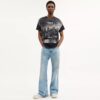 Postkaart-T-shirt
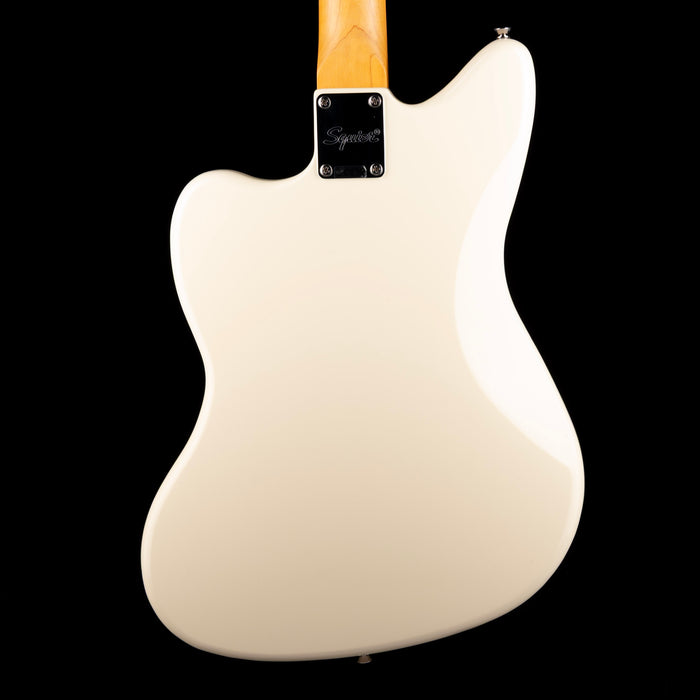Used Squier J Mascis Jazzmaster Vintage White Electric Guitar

▬▬▬

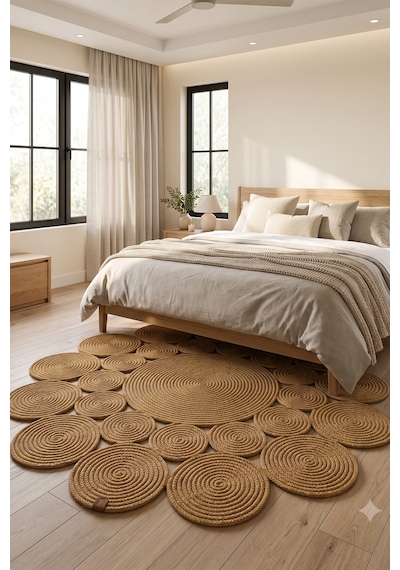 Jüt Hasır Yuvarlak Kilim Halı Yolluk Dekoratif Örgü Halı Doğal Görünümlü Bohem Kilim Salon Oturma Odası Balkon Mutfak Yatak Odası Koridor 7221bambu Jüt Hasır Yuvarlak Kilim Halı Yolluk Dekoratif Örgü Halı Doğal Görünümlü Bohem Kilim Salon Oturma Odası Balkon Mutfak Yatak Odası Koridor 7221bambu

▬▬▬

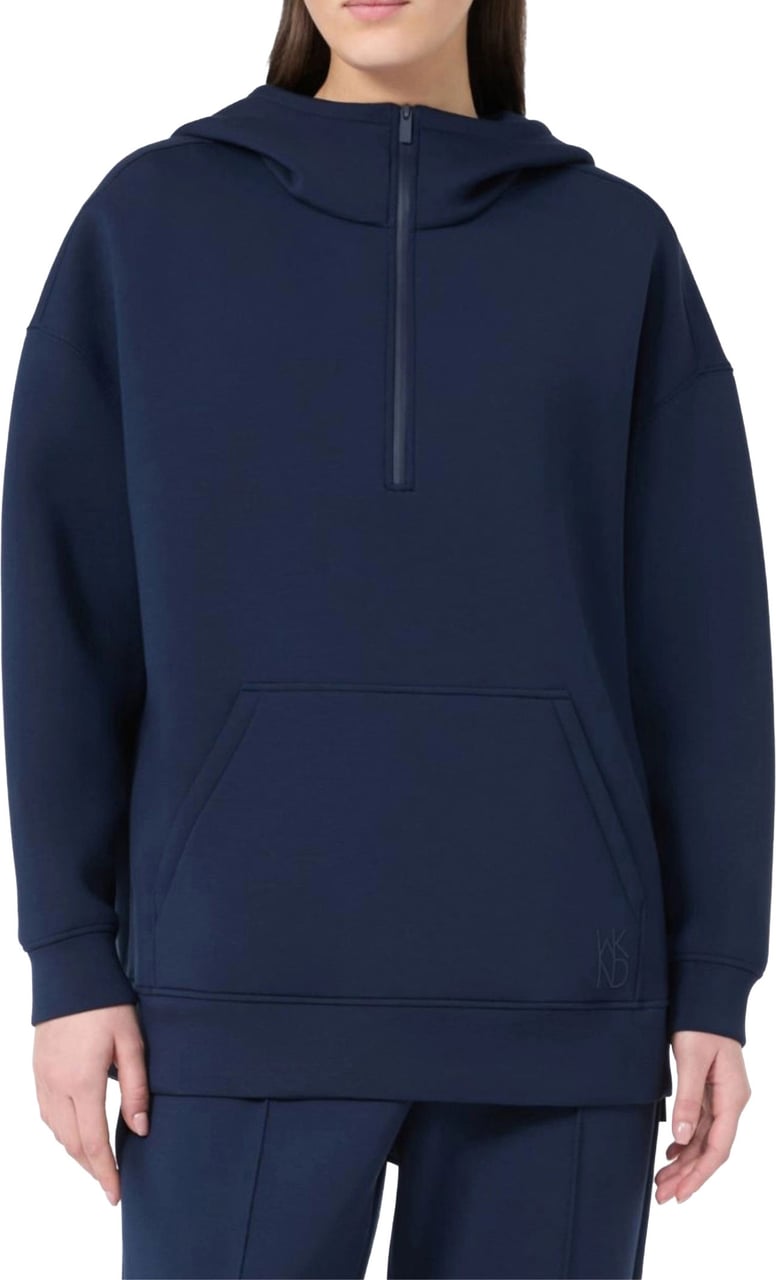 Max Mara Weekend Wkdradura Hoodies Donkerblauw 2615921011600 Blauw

▬▬▬

Return, exactly as they stand, the lines above from the one with "Postkaart-T-shirt" to the one with "Used Squier J", omitting any pictures among them.

 Postkaart-T-shirt
Used Squier J Mascis Jazzmaster Vintage White Electric Guitar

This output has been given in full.